But having acknowledged these weaknesses in recent years, the Chinese regime has opted for strategies that aim at building a new synergy with local actors in the Turkish mediasphere.
Beijing has adapted to the local rules of Turkish media and sought new opportunities to elevate China’s image in Turkey by leveraging its friendly ties with Ankara. The Turkish government, which exerts substantial influence over domestic media, has provided new platforms for China to realize its soft power goals within a largely polarized setting with little press freedom. In this context, Turkey’s progovernment newspapers have published “advertorials” celebrating the achievements of the Chinese Communist Party. Similarly, journalists from Turkey’s state-owned Anadolu Agency have participated in Chinese-sponsored press tours to Xinjiang, where Beijing has sought to undercut the Turkish narrative around abuses against the Uyghurs. On the other end of Turkey’s polarized ideological spectrum, China has also appealed to left-wing opposition groups through its narratives, which emphasize the country’s anti-imperialist credentials. Such messaging strategies may already have produced some results in Turkey, as the most recent opinion polls reflect a gradual increase in the number of Turkish citizens who perceive China as a potential partner.
INTRODUCTION
Much of the story of Sino-Turkish relations has a familiar ring. A developing country—in this case, Turkey—comes to acknowledge China’s rise, develops relations with it, seeks to leverage opportunities such as investment, and even joins newly established international organizations sponsored by Beijing. Like many other countries, Turkey’s engagement with China is driven primarily by economic pragmatism, but geopolitics has also become important in recent years.
Çağdaş Üngör
Çağdaş Üngör teaches at Marmara University’s Department of Political Science and International Relations in Istanbul. Üngör received her Ph.D. degree from the State University of New York at Binghamton, with a dissertation examining China’s external propaganda activities during the Maoist decades. Üngör contributes to various Turkish journals and newspapers on China-related topics and Sino-Turkish relations. Her academic publications include the edited volumes Turkey in the Cold War: Ideology and Culture (Palgrave-Macmillan, 2013, with Cangül Örnek) and New Horizons in Asia-Pacific Studies (Asya Pasifik Çalışmalarında Yeni Ufuklar, Küre Yayınları, 2020).

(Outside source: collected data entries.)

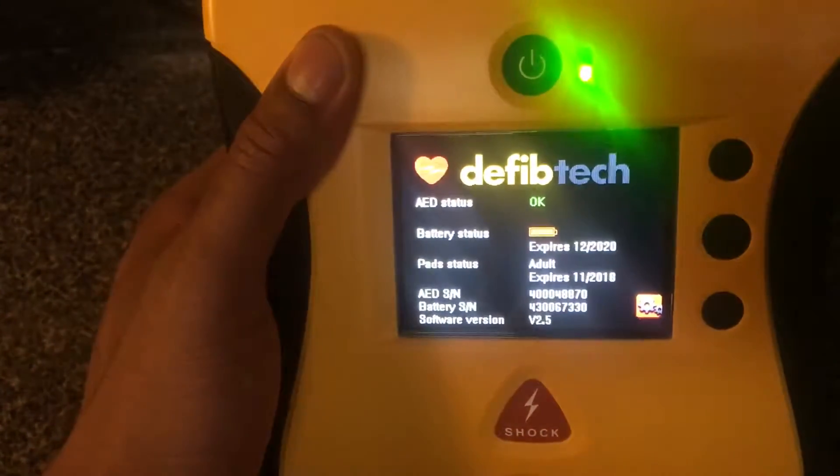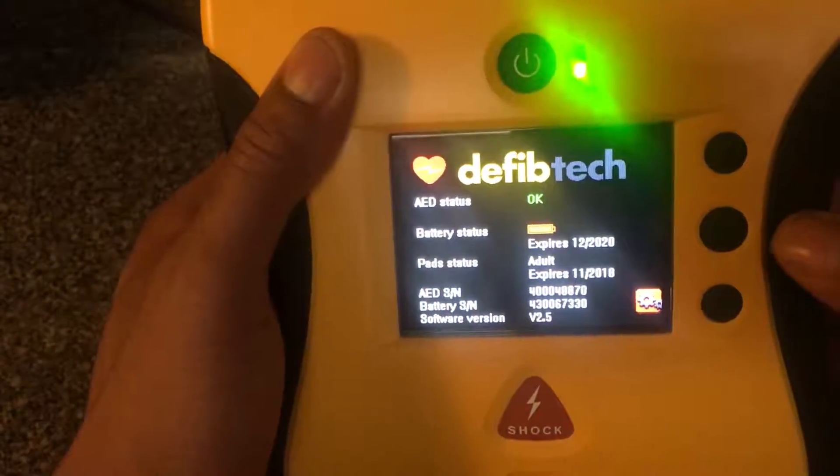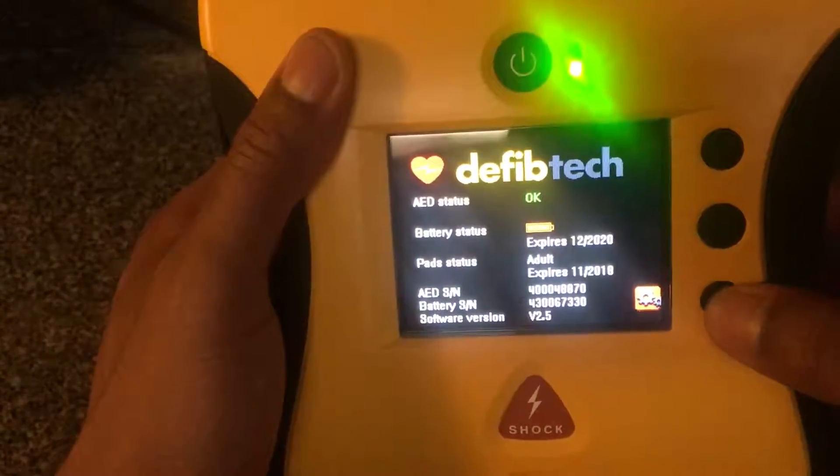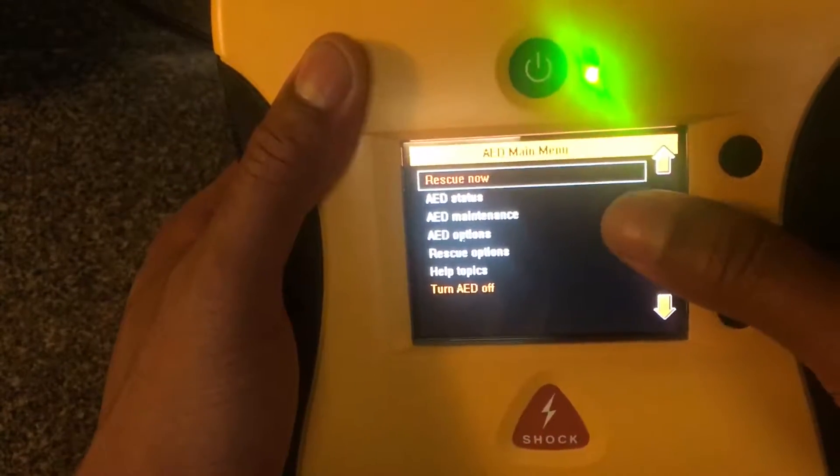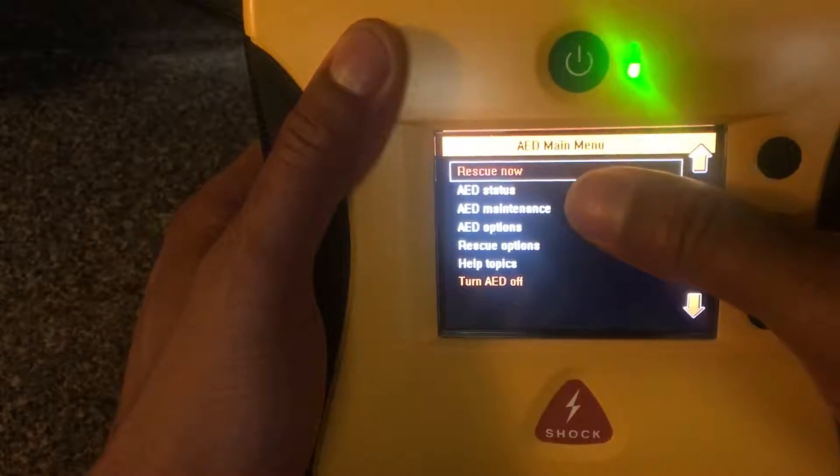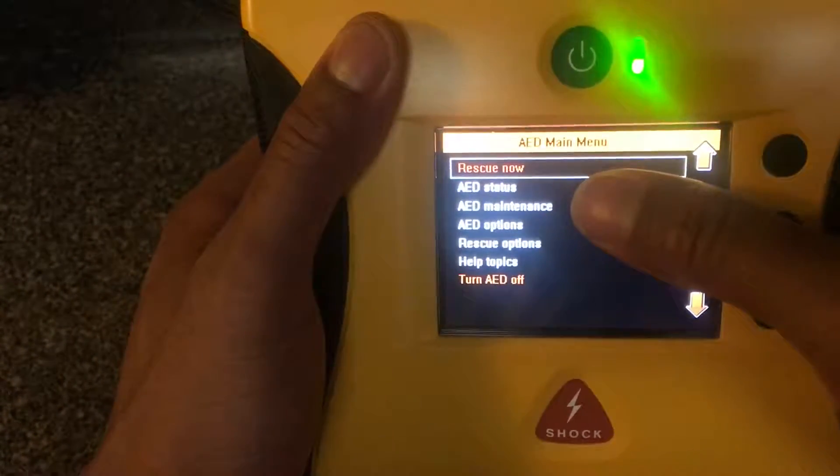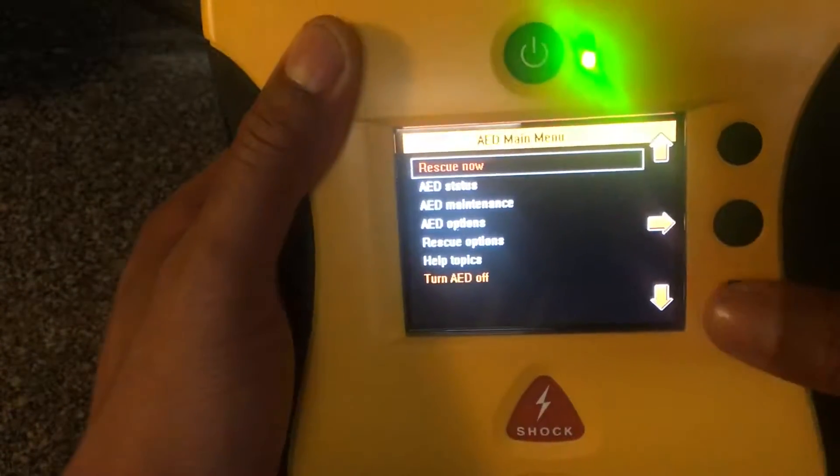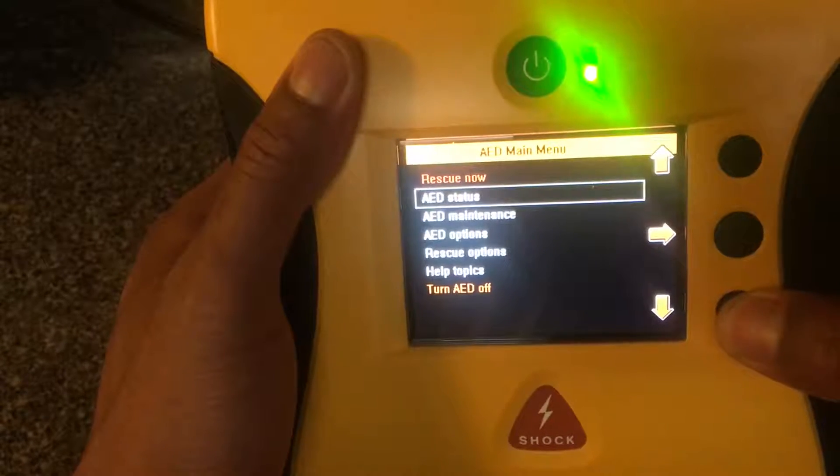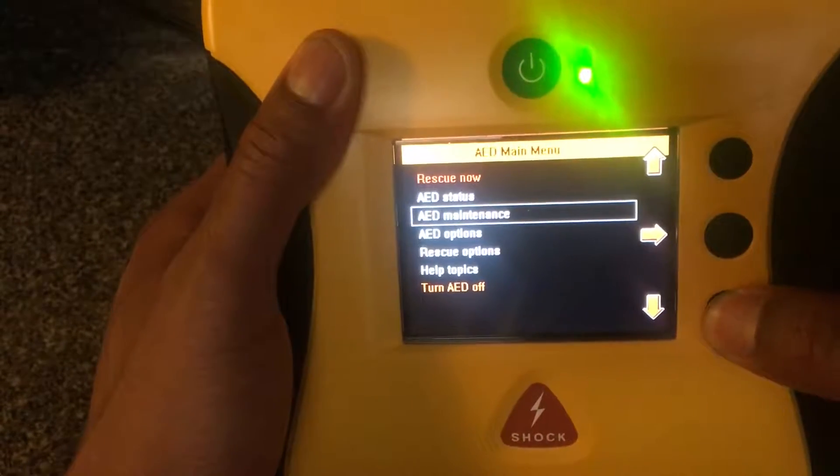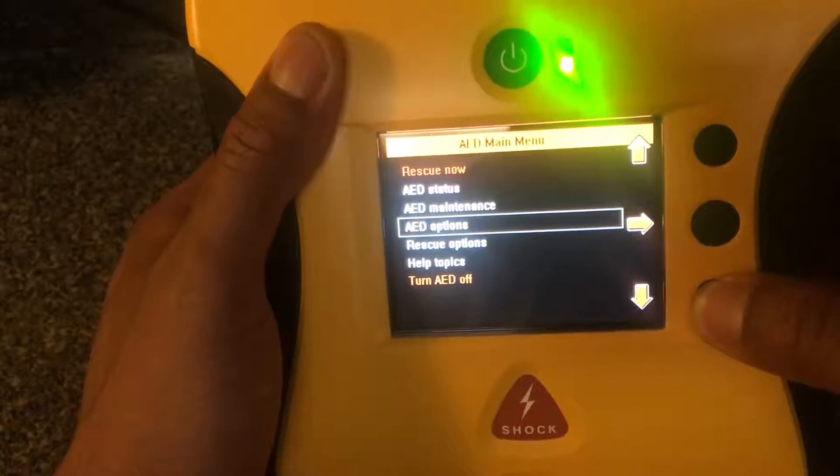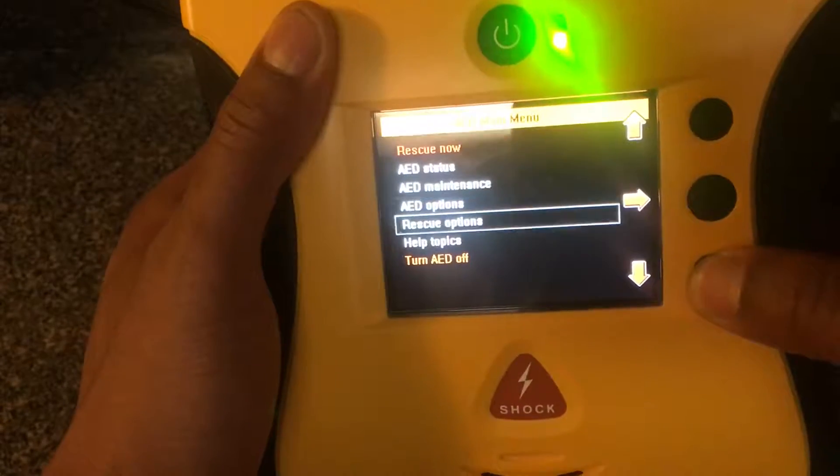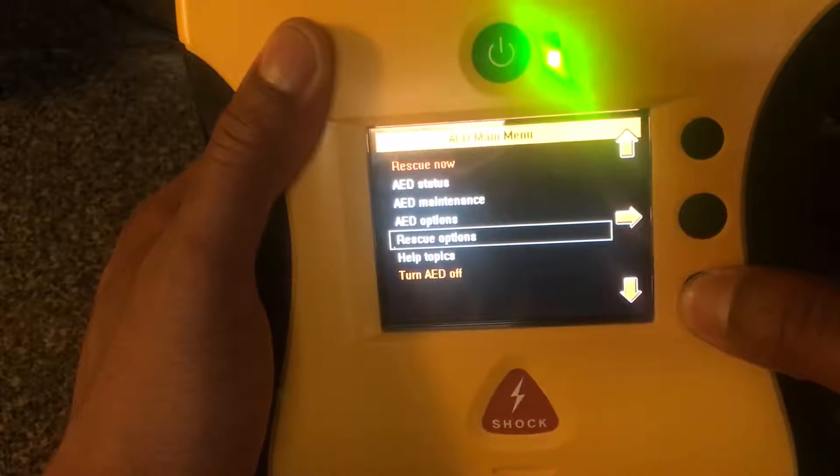You press the center button and it takes you to a screen right here. Okay, so this is the screen that we're going to go through. What you do is hit this button right here for menu.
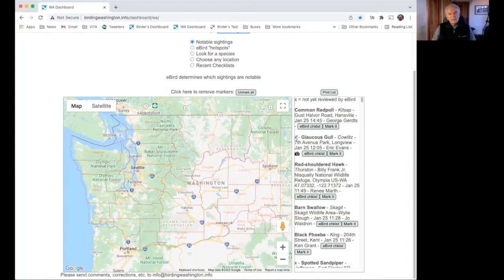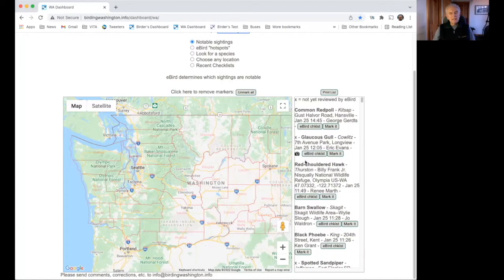To the right of the X, we have the species — in this case, Glaucous Gull. In italics, we have the county, which is Cowlitz, and here is the location name: Seventh Avenue Park, Longview. Then we have the date, January 25th; the time, 12:05; the name of the birder who reported this, Eric Evans; and a little camera icon meaning there's a photo of this species in the eBird checklist. We have two buttons: the eBird Checklist button, which takes us to the full checklist on the eBird website, and a 'Mark It' button, which marks this location on the map.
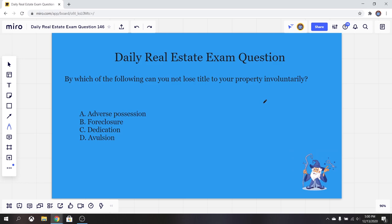It's kind of a trick question. The correct answer for this one is C — dedication. So what is dedication? Well, dedication in property law means the donation of your land. That's right, the donation — you're donating. Dedication would be considered voluntary, while the others would all be considered involuntary.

Ever since Ankara signed a strategic partnership treaty with China in 2010, Turkish officials have been eager to facilitate interactions with Asia’s largest economy.1 Turkey’s principal motivation is to attract investment dollars from China to stimulate the Turkish economy, including through Beijing’s Belt and Road Initiative (BRI)—a multibillion-dollar infrastructure project launched by Chinese President Xi Jinping in 2013, joined by Turkey two years later. Securing Chinese funding for its controversial Canal Istanbul project remains a particularly important goal for the Turkish government.2 Likewise, China-Turkey financial transactions, including currency swap deals,3 are crucially important for Ankara to alleviate the worst outcomes of its ongoing economic crisis.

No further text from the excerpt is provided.